Each object would be 16 bytes long. The first 8 bytes encodes the string location and type tag. The second 8 bytes is the body (broken down after the next picture). The first 8 bytes can be of two types: short string and long string. A short string is an index and length pointing into a string array (similar to @mbrock’s v08). A long string is a tagged pointer, with its lowest 6 bits being used to encode the tag type and that it is a long string. A long string is also atomically reference counted, so it isn’t copied when moving between threads.

This is the body representation:


Some thoughts about the body layout:

  • If I can get an allocator working on top of the object buckets, I won’t even need to store the index in the List field.
  • I’m not settled on the dictionary representation, but I also don’t want too much indirection. Maybe store the dictionary fields in the same way as a list (directly after), but have the dictionary index separate?
  • I also forgot to include something like TinyString, where if the string is 8 characters or less, it could be stored right in the body

These are all still tentative ideas, so I’m open to any problems you see. And thank you for taking time out of your day to take a look at all of this!

3 Likes

By that logic what if you didn’t have a flat string representing the object, but instead just used whatever structures which are most convenient to sort of build a rope data structure or a tree data structure that when traversed in its logical order results in the equivalent to the flat string representation?

That way you could do things like intern a bunch of strings that show up regularly, share fragments between different objects, or even create some data structure that finds a good tradeoff between string fragment length and de-duplication. Also would make it easy to concat strings if you had a rope-like data-structure. I guess it would require some analysis about what kinds of operations are most common in tcl.

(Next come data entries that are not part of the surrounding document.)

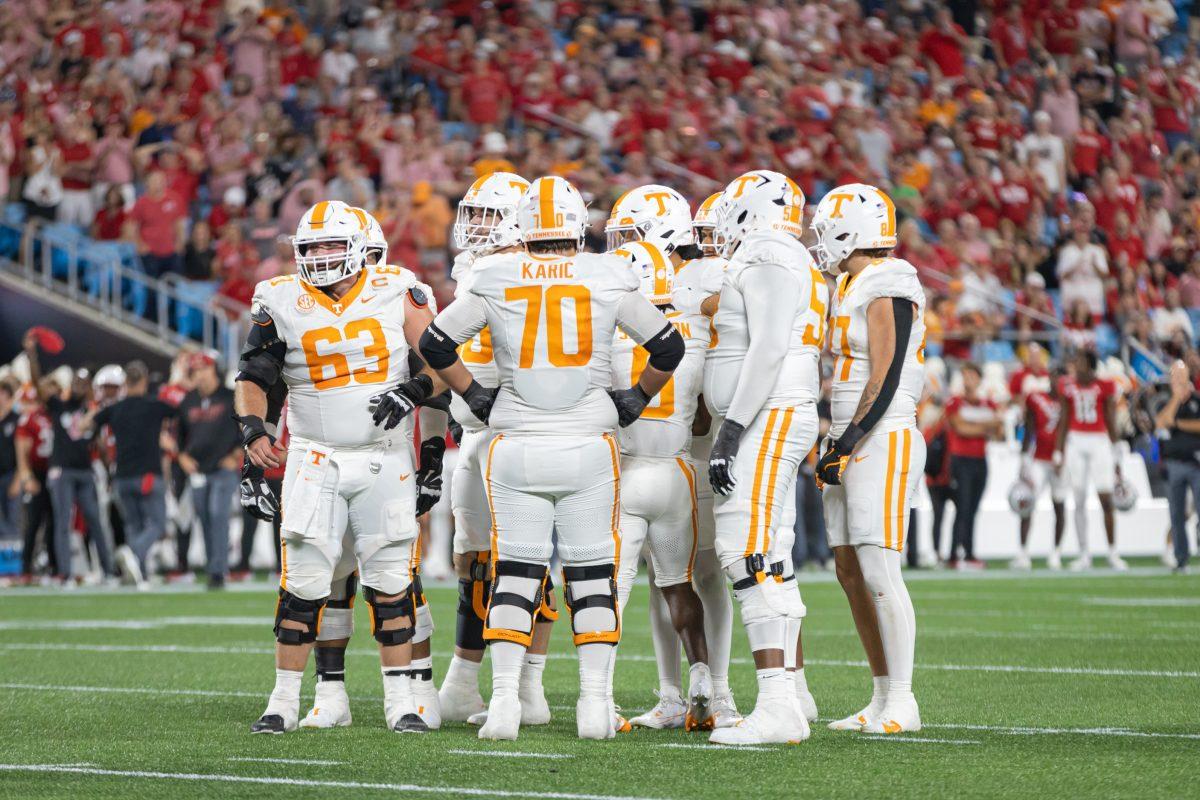 The Tennessee offense huddles during the Duke’s Mayo Classic against North Carolina State at Bank of America Stadium. Saturday, Sept. 7, 2024.
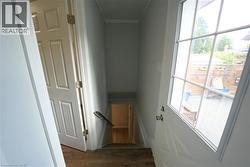 Stairway featuring wood finished floors and ornamental molding -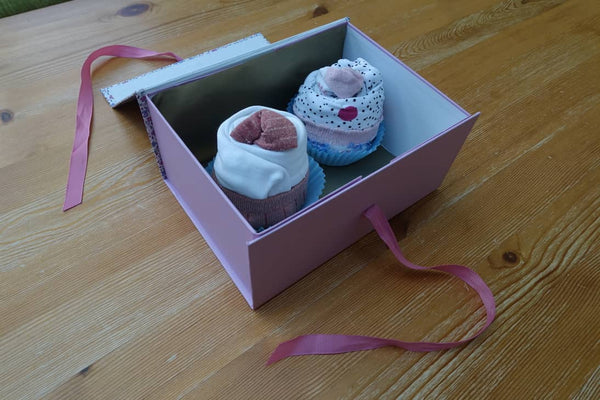 Baby clothes wrapped as cupcakes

Just an idea, I don’t really know enough about tcl to know whether it could make sense, maybe you can figure that out :wink:

1 Like

Yeah, that’s a great point! Especially with this design, it would be easy to extend with profiling, to get an idea of what sort of things need to be optimized.

1 Like

Just a single little note for the time being!

One thing I really like about these compacting garbage collection algorithms is that even when implemented, as I do, as a completely blocking stop-the-world process, the GC—unlike most sweepers in common use—only looks at the live data, so the runtime is exactly proportional to the number of reachable pointers. In fact the algorithm is precisely a breadth-first traversal of the pointer graph.

That means, for example, if your program generates a bunch of garbage constantly while working on some relatively small amount of live reachable data, it doesn’t even matter how often you run it—it always takes the same amount of time, it never even looks at any of the garbage at all. In this way it’s similar to using arena allocators! But you get to keep the stuff you want instead of throwing everything away!